Had Palin spoken such words, I would have sighed and moved on. Same goes for the other Republican tools. But Romney … well, he’s in a class of his own. As governor of Massachusetts, big ol’ Mitt actually led the fight for universal statewide health insurance reform—a fight that resulted in coverage eerily similar to, ahem, the package Barack Obama will presumably sign into law later this week. As Alex Massie rightly wrote in the Spectator: “In other words, Romney is now pledged to running against his own record. This is an unusual strategy but one forced upon him by a) his actual record and b) the temper of the Republican party and conservative movement. All this trouble over one tiny bill he signed when Governor of Massachusetts! Because Obamacre is, in the view of plenty of sensible observers, merely a souped-up version of the Romneycare Mitt signed into law in Boston – and that he boasted about during the 2008 campaign.”
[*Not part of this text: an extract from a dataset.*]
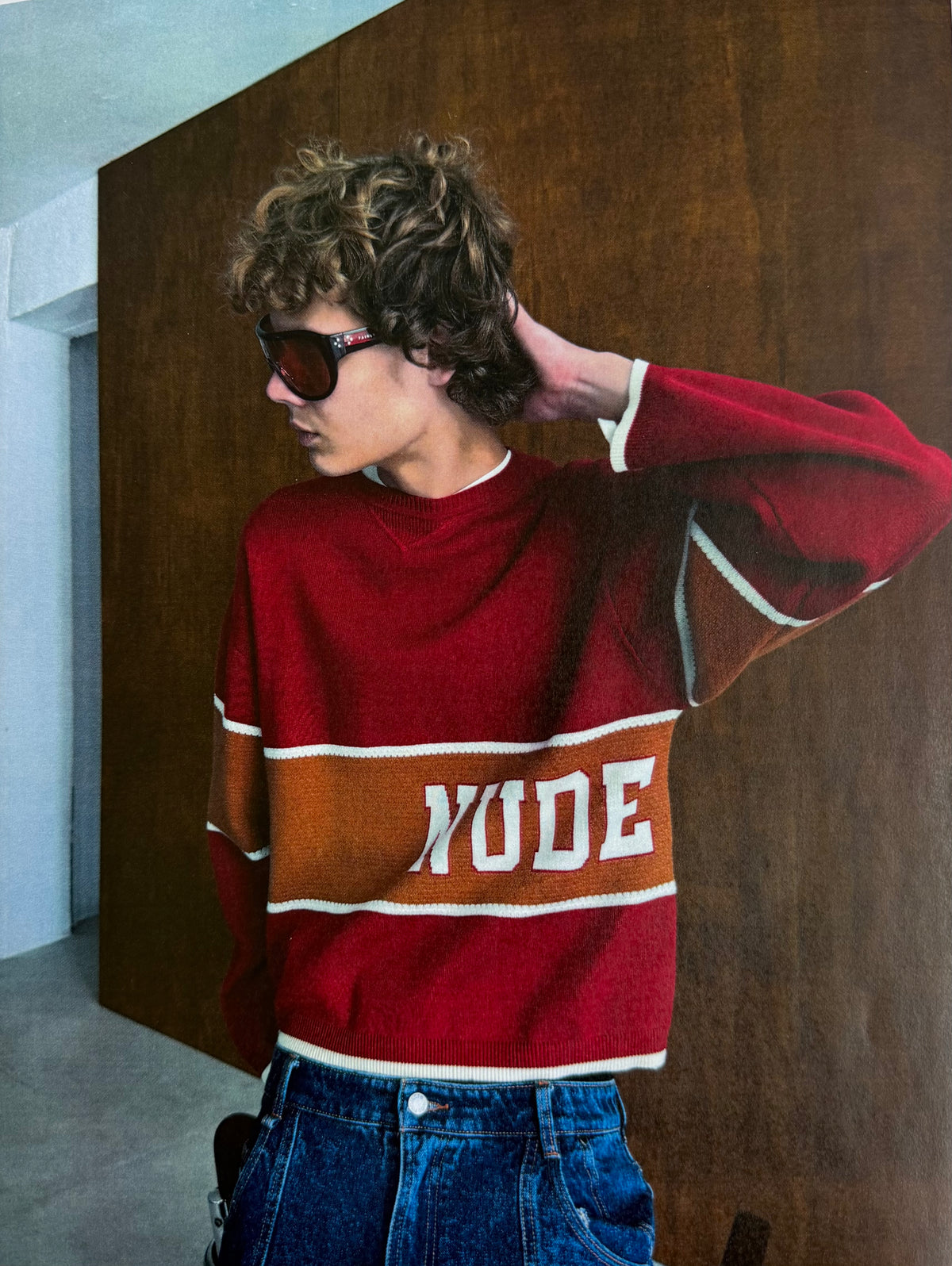 Big-Striped Knit Sweater Red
Personally, I find the entire Republican anger thing laughable and sad. First off, the GOP had eight years under Bush to tackle health care reform … and didn’t touch the issue. At. All. Second, there was nothing underhanded or sneaky about this process. A Democratic president, elected along with a Democratic House and a Democratic Senate, went through proper legal channels to accomplish something. This isn’t a takeover or an attack on American values. Hell, elections are held for a reason. Bush spoke of his “mandate” after he was re-elected, and now Barack Obama is choosing to use his. Bravo!
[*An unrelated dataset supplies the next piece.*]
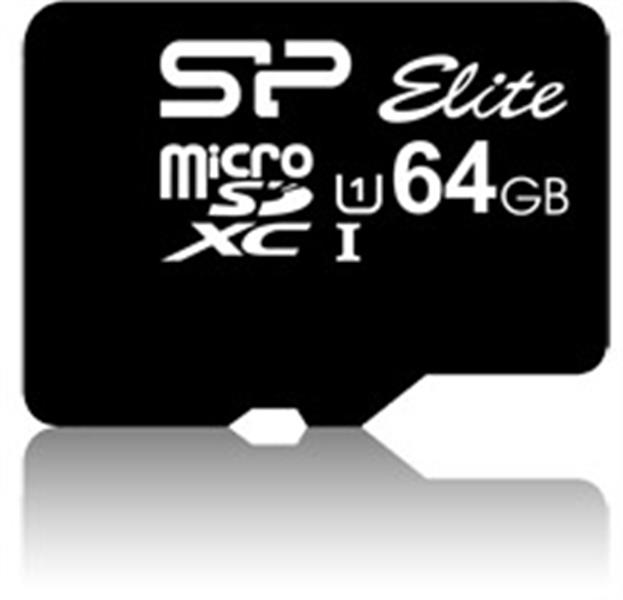 Silicon Power 64GB Elite MicroSDXC Class10 UHS-1 tot 85Mb/s incl. SD-adapter Zwart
Am I sad about the furor in Washington? No, but I am concerned. Forget the Becks and Limbaughs and Hannitys, because they’re media-generated freakoids. What troubles me is when elected officials go off the deep end, and encourage their followers to come along for the leap. Representative Randy Neugebauer, a conservative Republican from Texas, screams “baby killer” on the House floor as Representative Bart Stupak, a Michigan Democrat, discussed abortion-related aspects of the health care legislation. Bachman announces she’s drafting legislation to repeal the health care bill … even before waiting to see if maybe, just maybe, it works. Heated words are justified and violent acts are excused, all the in the name of what?